■ **EXERCISE PROMPT**: Beginning with the line that contains "this 585×780 image.", write out each remaining line of the records below exactly. Do not copy any picture.

<<<<

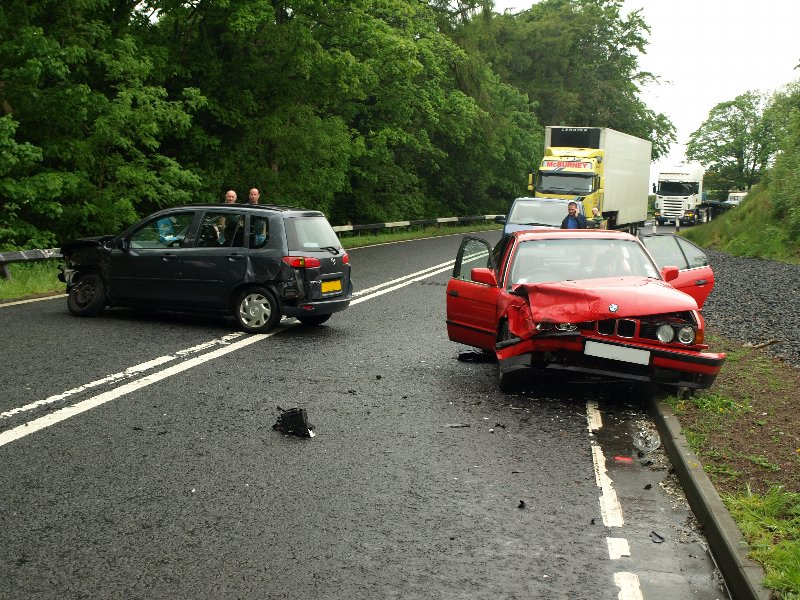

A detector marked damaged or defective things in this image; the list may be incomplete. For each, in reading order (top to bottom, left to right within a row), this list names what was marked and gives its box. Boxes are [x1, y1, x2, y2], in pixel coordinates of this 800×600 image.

minivan's bent wheel [67, 274, 106, 316]
damaged minivan [59, 204, 354, 330]
minivan's bent wheel [233, 286, 280, 332]
damaged minivan [446, 227, 728, 392]
damaged red car front end [446, 231, 728, 394]
minivan crumpled hood [516, 276, 696, 324]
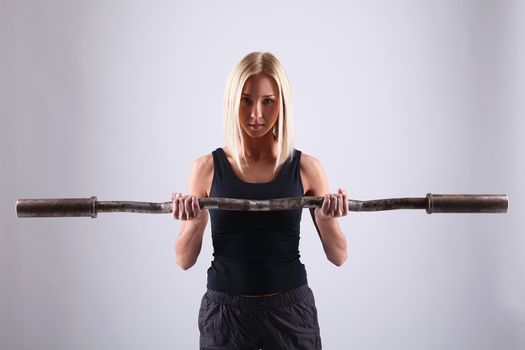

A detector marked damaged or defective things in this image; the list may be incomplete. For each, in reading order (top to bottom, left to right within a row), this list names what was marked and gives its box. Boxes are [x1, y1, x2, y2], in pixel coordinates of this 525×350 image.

rusty metal barbell [16, 194, 508, 219]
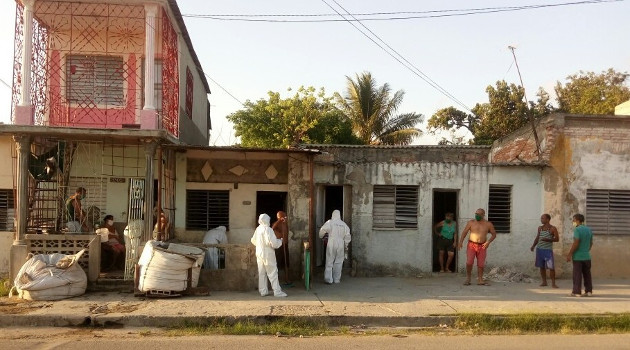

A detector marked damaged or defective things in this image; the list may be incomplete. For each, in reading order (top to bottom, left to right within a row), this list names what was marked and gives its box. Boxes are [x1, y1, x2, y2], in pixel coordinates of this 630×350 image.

peeling plaster wall [314, 148, 544, 276]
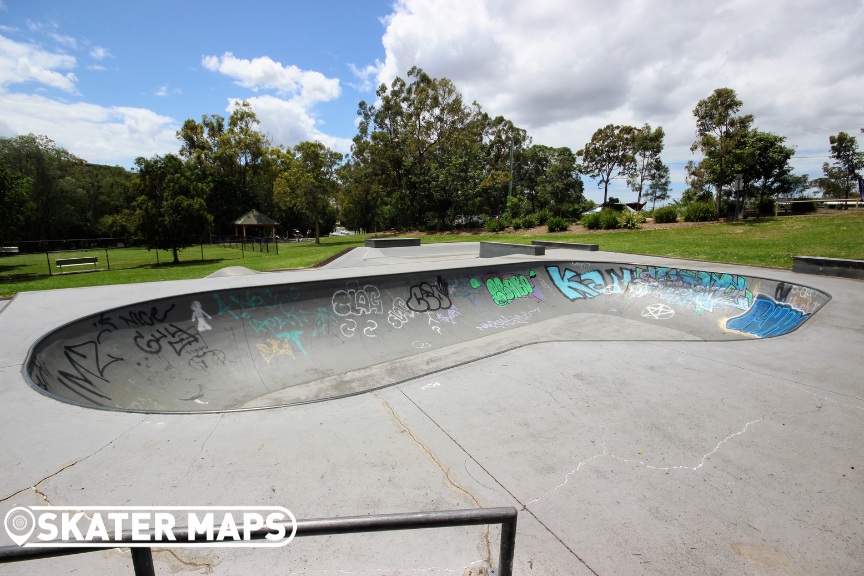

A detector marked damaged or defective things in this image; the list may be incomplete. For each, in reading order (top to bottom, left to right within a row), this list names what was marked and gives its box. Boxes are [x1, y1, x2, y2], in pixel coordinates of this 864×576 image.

crack in concrete [0, 414, 148, 504]
crack in concrete [372, 394, 492, 568]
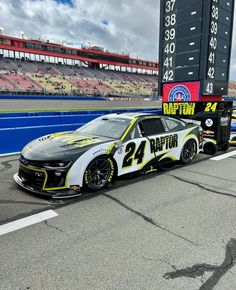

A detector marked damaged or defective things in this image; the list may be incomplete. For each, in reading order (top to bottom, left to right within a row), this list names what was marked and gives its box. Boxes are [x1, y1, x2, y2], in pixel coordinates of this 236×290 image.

crack in asphalt [170, 174, 236, 199]
crack in asphalt [43, 221, 69, 237]
crack in asphalt [102, 194, 198, 246]
crack in asphalt [163, 238, 236, 290]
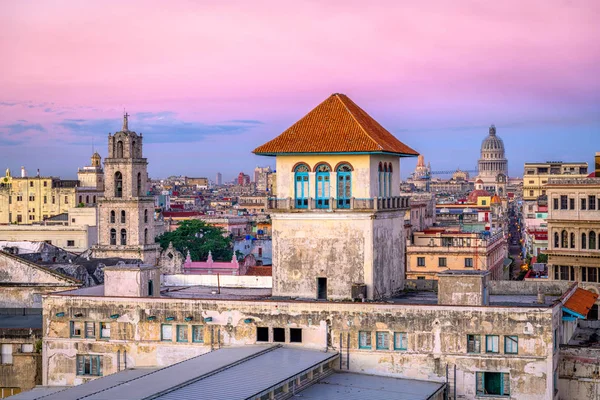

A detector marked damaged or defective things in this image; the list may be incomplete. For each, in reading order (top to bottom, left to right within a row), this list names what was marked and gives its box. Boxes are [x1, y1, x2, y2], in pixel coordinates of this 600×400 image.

peeling paint wall [43, 294, 556, 396]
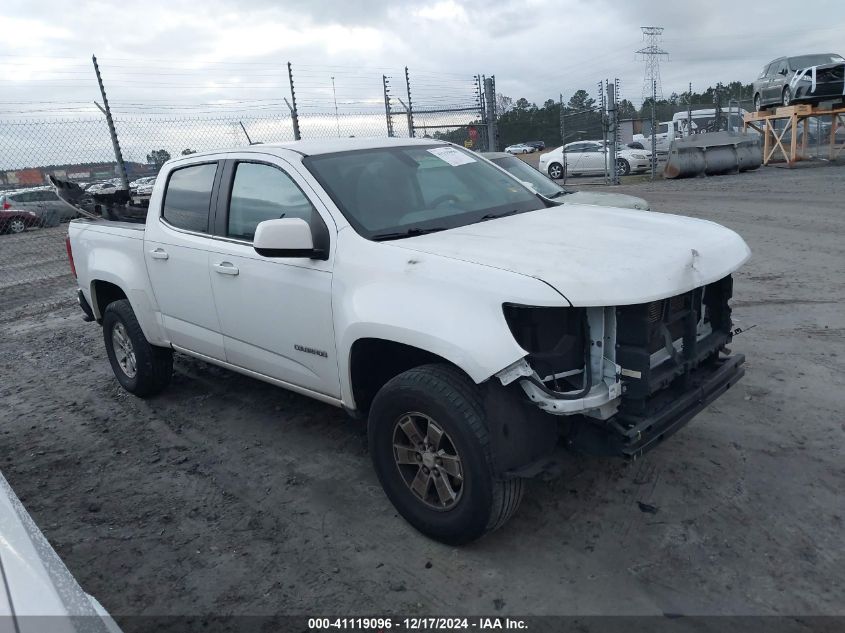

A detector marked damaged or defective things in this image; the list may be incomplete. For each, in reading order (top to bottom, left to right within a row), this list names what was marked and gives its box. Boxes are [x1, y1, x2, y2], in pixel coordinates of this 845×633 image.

damaged front end [492, 274, 740, 466]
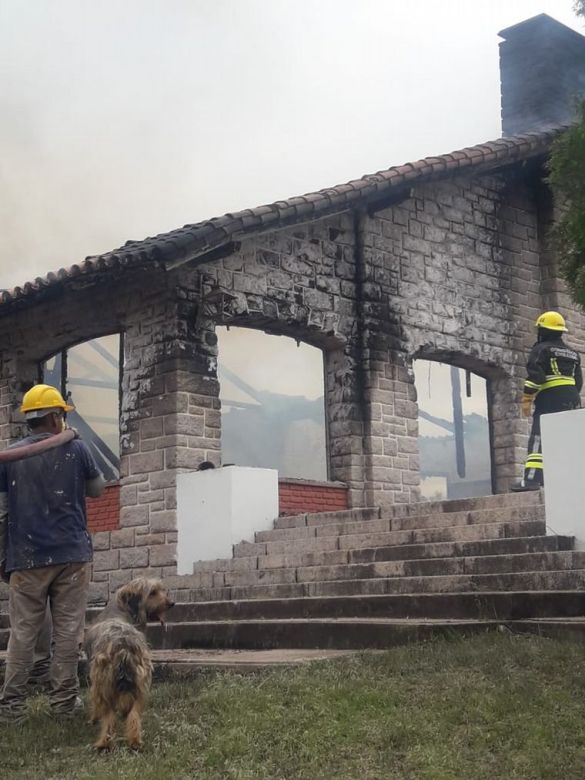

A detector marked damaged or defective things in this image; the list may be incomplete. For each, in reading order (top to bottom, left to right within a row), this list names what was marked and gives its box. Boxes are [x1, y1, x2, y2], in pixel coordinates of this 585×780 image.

burned stone building [1, 13, 584, 596]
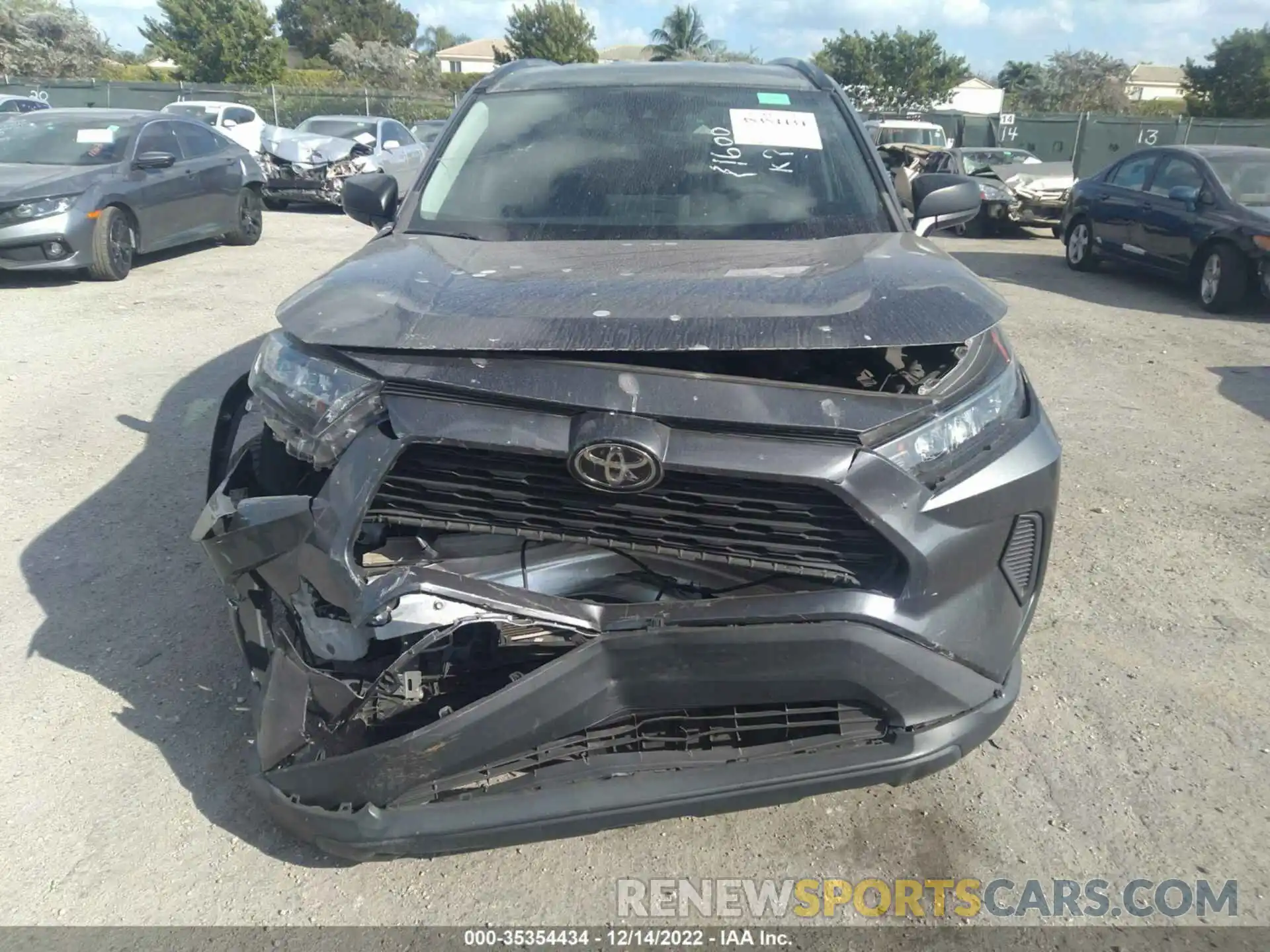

>>>>

■ **WRITTEN REPLY**:
A detector marked damaged or defective things in this image; the list may be incomplete. For each, in reading order (top to bottom, left to right within a row), this list names what was marked and gives its box. Boxes are [x1, y1, x2, y2], in pixel coordinates of this 585×780 image.

burned stone building [1, 13, 584, 596]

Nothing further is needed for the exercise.